Re: [build system] jenkins got itself wedged...

shane knapp Sun, 21 May 2017 12:01:43 -0700

yeah.  i noticed that and restarted it a few minutes ago.  i'll have
some time later this afternoon to take a closer look...   :\


On Sun, May 21, 2017 at 9:08 AM, Kazuaki Ishizaki <ishiz...@jp.ibm.com> wrote:
> It looked well these days.

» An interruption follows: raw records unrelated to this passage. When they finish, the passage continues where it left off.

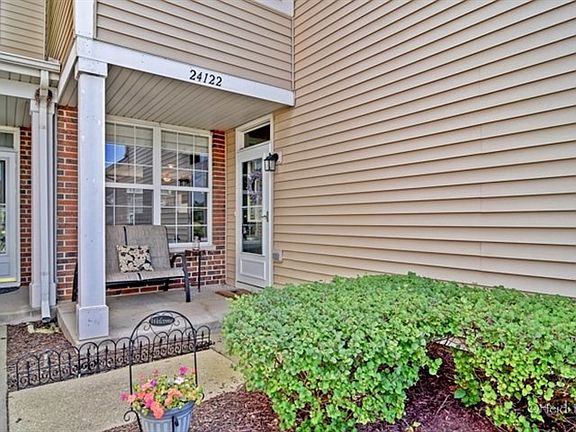 2nd image of 24122 Pear Tree Cir #24122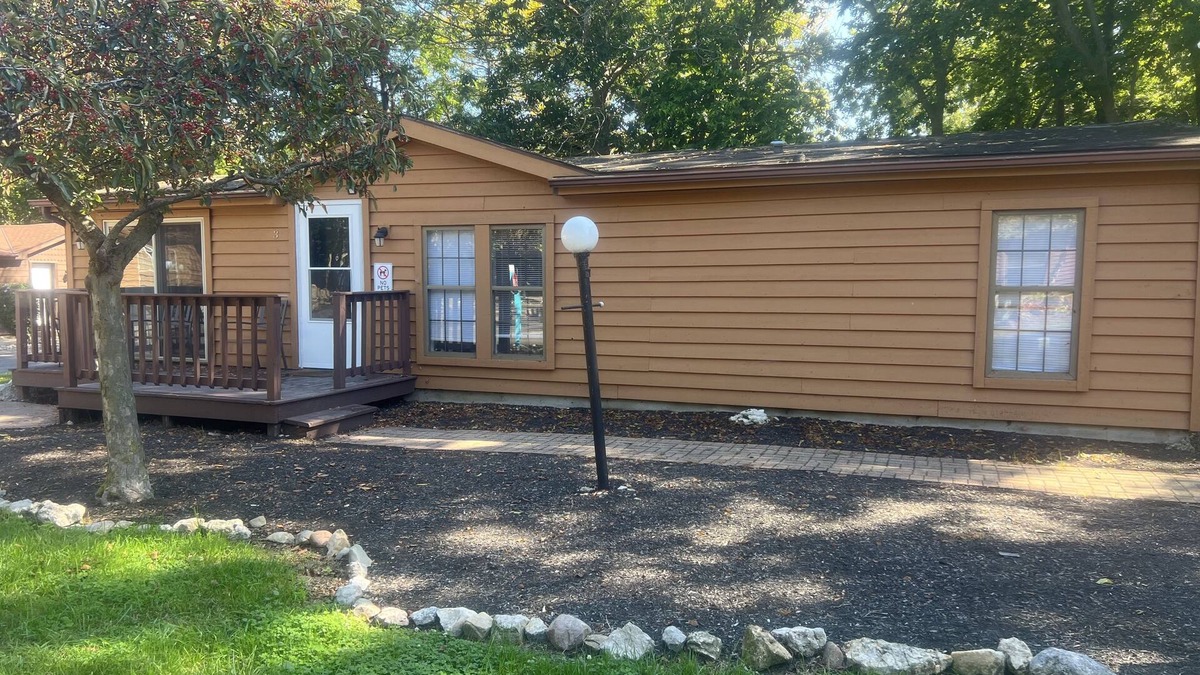 Put-in-Bay Cabin | The Great Escape Cabin 3 Full Linens Provided 4 Bedrooms sleeps 12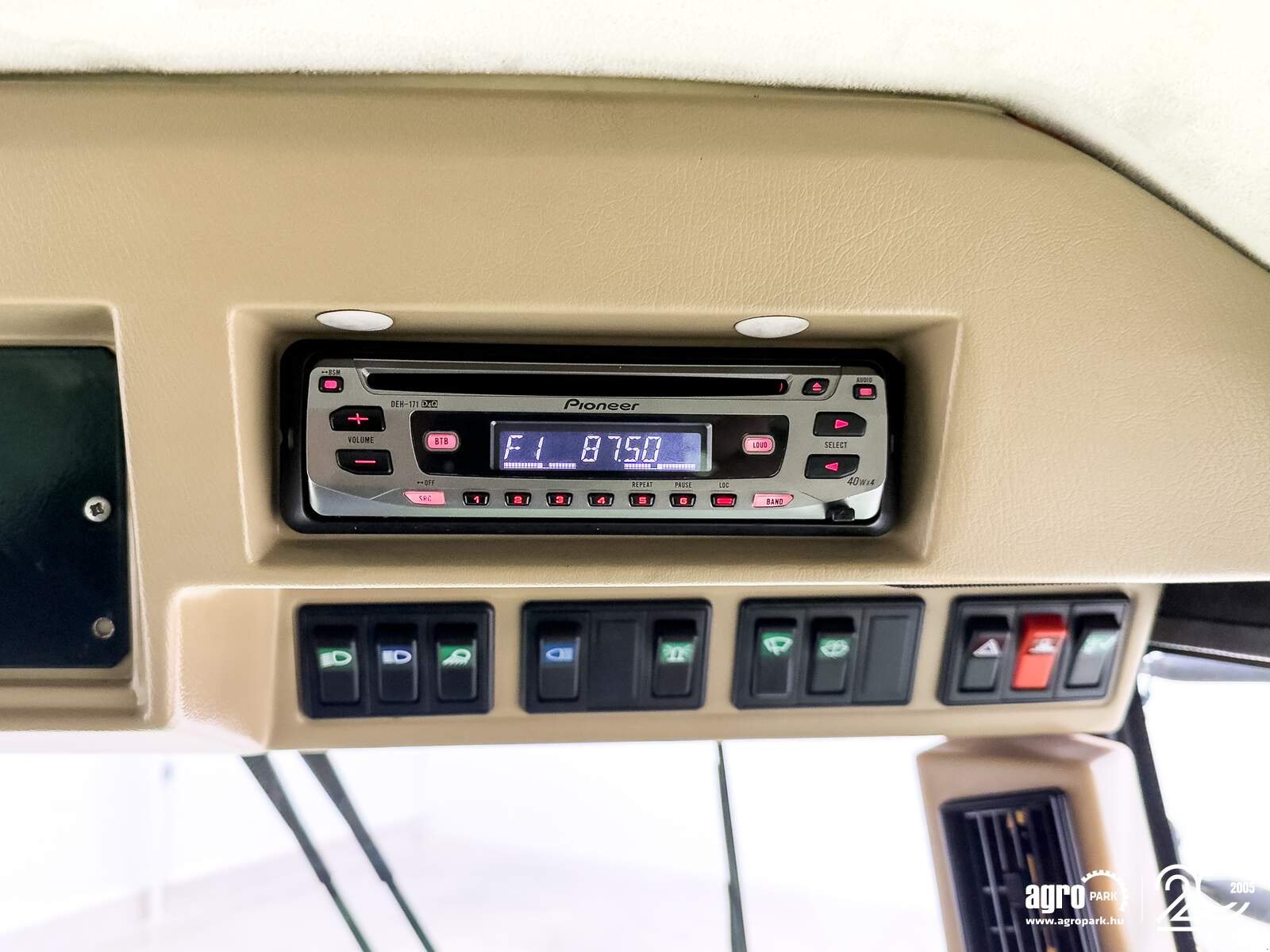 Mähwerk des Typs Krone BIG M 419-83 9,1 m working width, air conditioning, 40 km/h hydrostatic transmission, 337 L pump, permanent all-wheel drive, Gebrauchtmaschine in Csengele (Bild 22)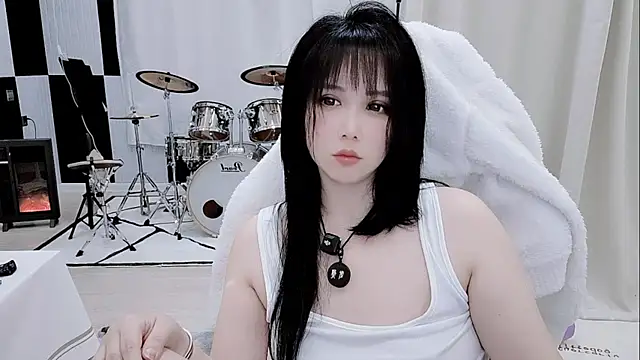 Vaness-a online show from April 2026 09:04:01 PM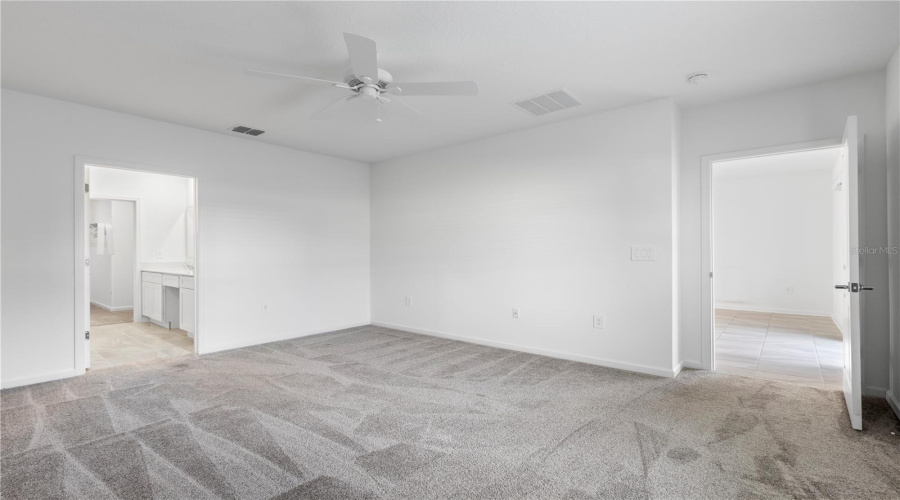 DAVENPORT, Florida 33837, 5 Bedrooms Bedrooms, ,2 BathroomsBathrooms,Residential,For Sale,JETT,0,MFRTB8405195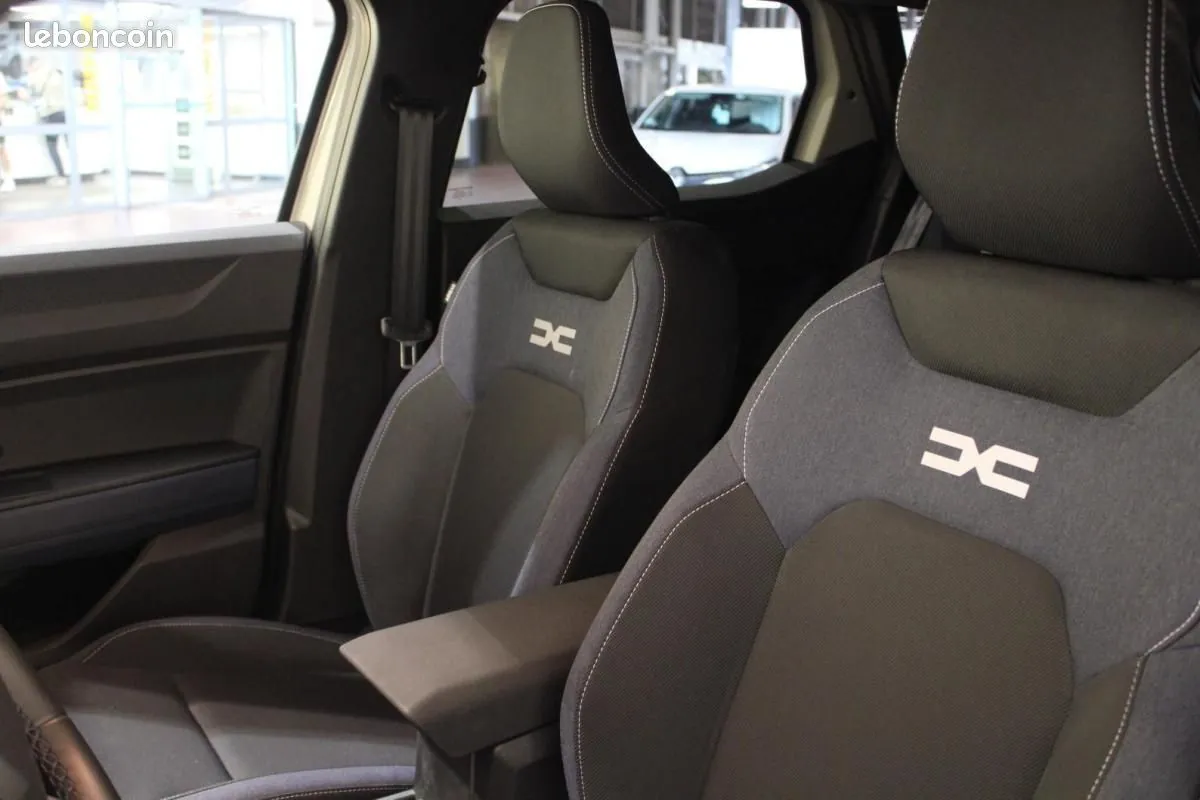 Dacia Duster 2025 photo 5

However, it seems to go down slowly again...
>
> When I tried to see console log (e.g.
> https://amplab.cs.berkeley.edu/jenkins/job/SparkPullRequestBuilder/77149/consoleFull),
> a server returns "proxy error."
>
> Regards,
> Kazuaki Ishizaki
>
>
>
> From:        shane knapp <skn...@berkeley.edu>
> To:        Sean Owen <so...@cloudera.com>
> Cc:        dev <dev@spark.apache.org>
> Date:        2017/05/20 09:43
> Subject:        Re: [build system] jenkins got itself wedged...

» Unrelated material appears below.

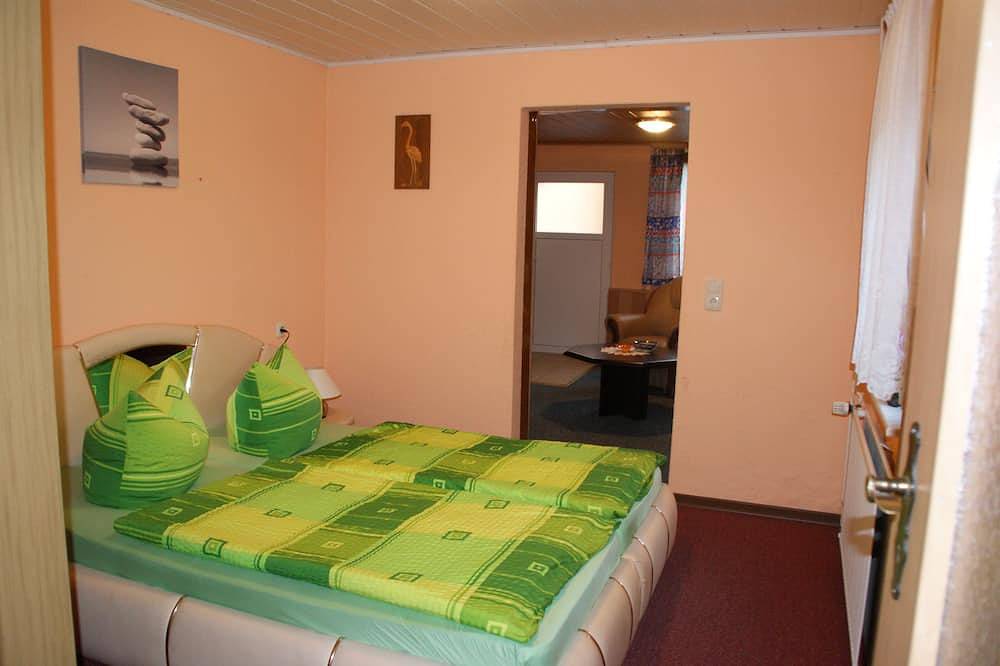 Ganze Wohnung, Fewo 2 - Ferienwohnungen Gentz 1 & 2, Wlan, ruhige Lage, Terrasse in Ulrichshorst, Korswandt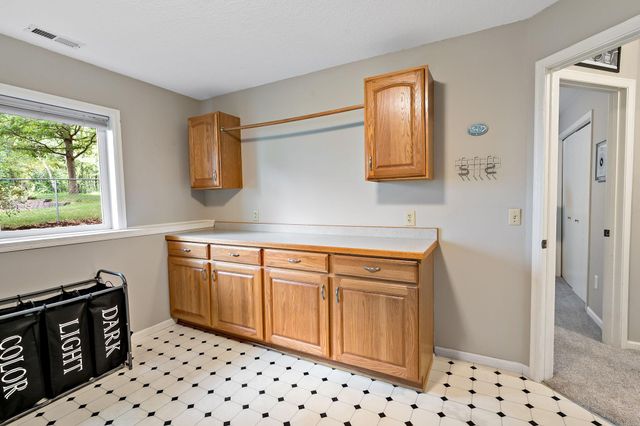 842 Sterling Street S, Maplewood, MN 55119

> ________________________________
>
>
>
> last update of the week:
>
> things are looking great...  we're GCing happily and staying well
> within our memory limits.
>
> i'm going to do one more restart after the two pull request builds
> finish to re-enable backups, and call it a weekend.  :)
>
> shane
>
> On Fri, May 19, 2017 at 8:29 AM, shane knapp <skn...@berkeley.edu> wrote:
>> this is hopefully my final email on the subject...   :)
>>
>> things have seemed to settled down after my GC tuning, and system
>> load/cpu usage/memory has been nice and flat all night.  i'll continue
>> to keep an eye on things but it looks like we've weathered the worst
>> part of the storm.
>>
>> On Thu, May 18, 2017 at 6:40 PM, shane knapp <skn...@berkeley.edu> wrote:
>>> after needing another restart this afternoon, i did some homework and
>>> aggressively twiddled some GC settings[1].  since then, things have
>>> definitely smoothed out w/regards to memory and cpu usage spikes.
>>>
>>> i've attached a screenshot of slightly happier looking graphs.
>>>
>>> still keeping an eye on things, and hoping that i can go back to being
>>> a lurker...  ;)
>>>
>>> shane
>>>
>>> 1 - https://jenkins.io/blog/2016/11/21/gc-tuning/
>>>
>>> On Thu, May 18, 2017 at 11:20 AM, shane knapp <skn...@berkeley.edu>
>>> wrote:
>>>> ok, more updates:
>>>>
>>>> 1) i audited all of the builds, and found that the spark-*-compile-*
>>>> and spark-*-test-* jobs were set to the identical cron time trigger,
>>>> so josh rosen and i updated them to run at H/5 (instead of */5).  load
>>>> balancing ftw.
>>>>
>>>> 2) the jenkins master is now running on java8, which has moar bettar
>>>> GC management under the hood.
>>>>
>>>> i'll be keeping an eye on this today, and if we start seeing GC
>>>> overhead failures, i'll start doing more GC performance tuning.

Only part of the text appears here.